It sounds like something out of science fiction: 10 teams of scientists and innovators that are working on plans to converting carbon emissions into useful products will ship out to two carbon-dioxide emitting power plants. Five teams will travel to a natural-gas fired plant in Alberta, Canada, and the five others will go to a coal-powered plant in Gillette, Wyoming. There, they’ll have two years to prove the validity of their models.
“We give the teams literally the pipes coming out of the power plants, and they can bring whatever technology they’re developing to plug into that source,” says Marcius Extavour, XPRIZE senior director of Energy and Resources and the lead on the Carbon XPRIZE competition. Teams will be judged on how much CO2 they convert, and the net value of their innovations.
The finalists stationed at Wyoming include C4X, a team from Suzhou, China producing bio-foamed plastics, and Carbon Capture Machine from Aberdeen, Scotland, which is making solid carbonates potentially to be used in building materials.

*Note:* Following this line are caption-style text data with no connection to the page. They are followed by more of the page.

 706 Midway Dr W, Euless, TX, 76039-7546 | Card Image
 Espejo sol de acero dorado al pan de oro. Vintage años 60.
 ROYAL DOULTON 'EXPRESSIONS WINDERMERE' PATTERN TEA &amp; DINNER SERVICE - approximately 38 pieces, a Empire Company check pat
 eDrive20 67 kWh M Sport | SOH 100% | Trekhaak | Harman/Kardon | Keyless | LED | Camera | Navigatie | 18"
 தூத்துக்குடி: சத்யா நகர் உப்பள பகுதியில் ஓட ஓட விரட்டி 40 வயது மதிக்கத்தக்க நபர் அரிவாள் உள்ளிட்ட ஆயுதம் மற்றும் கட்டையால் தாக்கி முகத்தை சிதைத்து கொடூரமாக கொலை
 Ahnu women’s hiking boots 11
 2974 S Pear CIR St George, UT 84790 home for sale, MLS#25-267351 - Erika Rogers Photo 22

Carbon Cure from Dartmouth, Canada, and Carbon Upcycling UCLA from Los Angeles are both experimenting with CO2-infused concrete, and Breathe from Bangalore is making methanol, which can be used as fuel.
“This XPRIZE is about climate change, sustainability, and getting to a low-carbon future,” Extavour says. “The idea is to take emissions that are already being produced, and preventing them from leaking out into the atmosphere or oceans or soil, and converting them, chemically, into valuable material.”
The two entities sponsoring the prize certainly make it seem like that’s a possibility. One, NRG is a large energy company that manages power plants across the U.S., and Canada’s Oil Sand’s Innovation Alliance, a consortium of oil sands producers. (NRG has made efforts to reduce its emissions; it’s retiring three natural-gas fired plants across California over the next year.)
“This isn’t about a proposal anymore,” Extavour says. “This is about: Can you build it in a way that works and is reliable? And can you do it in a way that’s not just climate and carbon sustainable, but economically sustainable? Can you build a business around this technology? Because if you can, that’s how we can get emitters of CO2 today to actually adopt these solutions and scale them up, and really take a bit out of emissions.”